> _RECORDED DATA_:
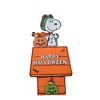Peanuts 36in Peanuts L2D PreLit LED Snoopy Halloween Doghouse, Orange - 3 of 4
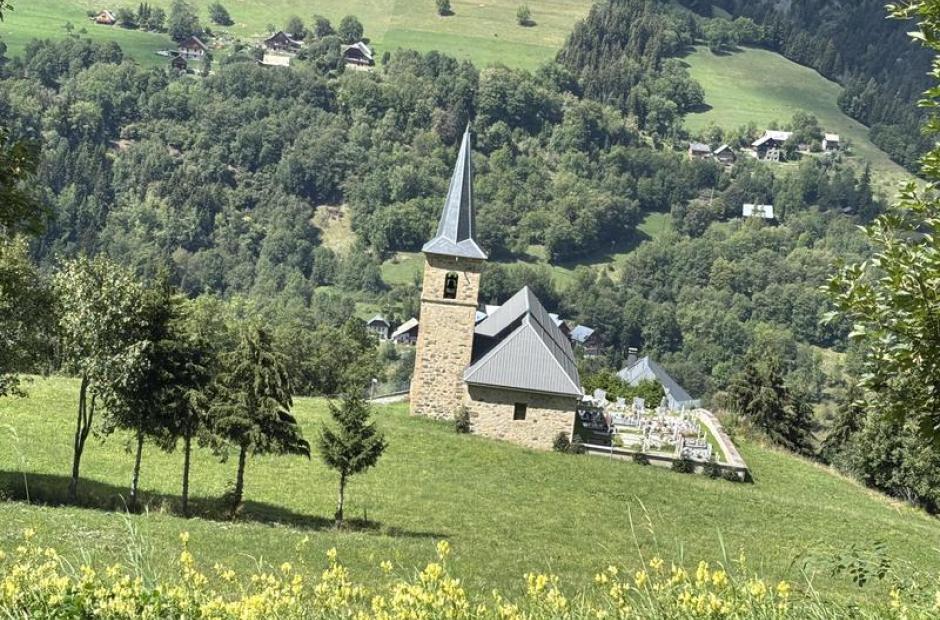 Voyage dans le temps à l’église Saint-Nicolas - JEP 2026_Albiez-Montrond - Eglise de Saint-Nicolas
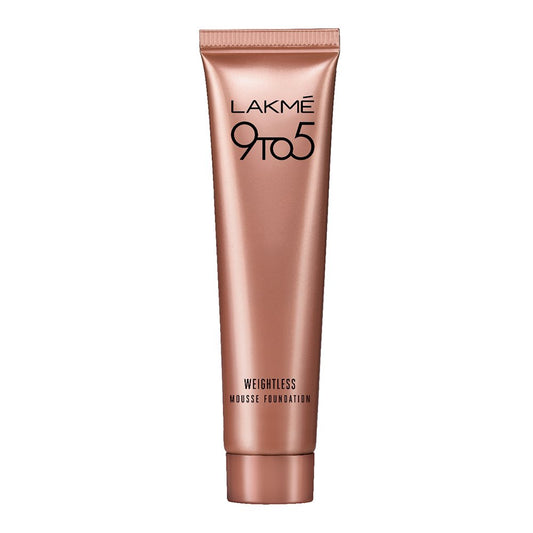 Lakme Powerplay Mousse Foundation Mini, Matte Finish Beige Vanila,6g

> _EXERCISE AIM_: If a picture appears in the data, omit it; transcribe all the rest exactly.

> _RESPONSE BELOW_:
Peanuts 36in Peanuts L2D PreLit LED Snoopy Halloween Doghouse, Orange - 3 of 4
 Voyage dans le temps à l’église Saint-Nicolas - JEP 2026_Albiez-Montrond - Eglise de Saint-Nicolas
 Lakme Powerplay Mousse Foundation Mini, Matte Finish Beige Vanila,6g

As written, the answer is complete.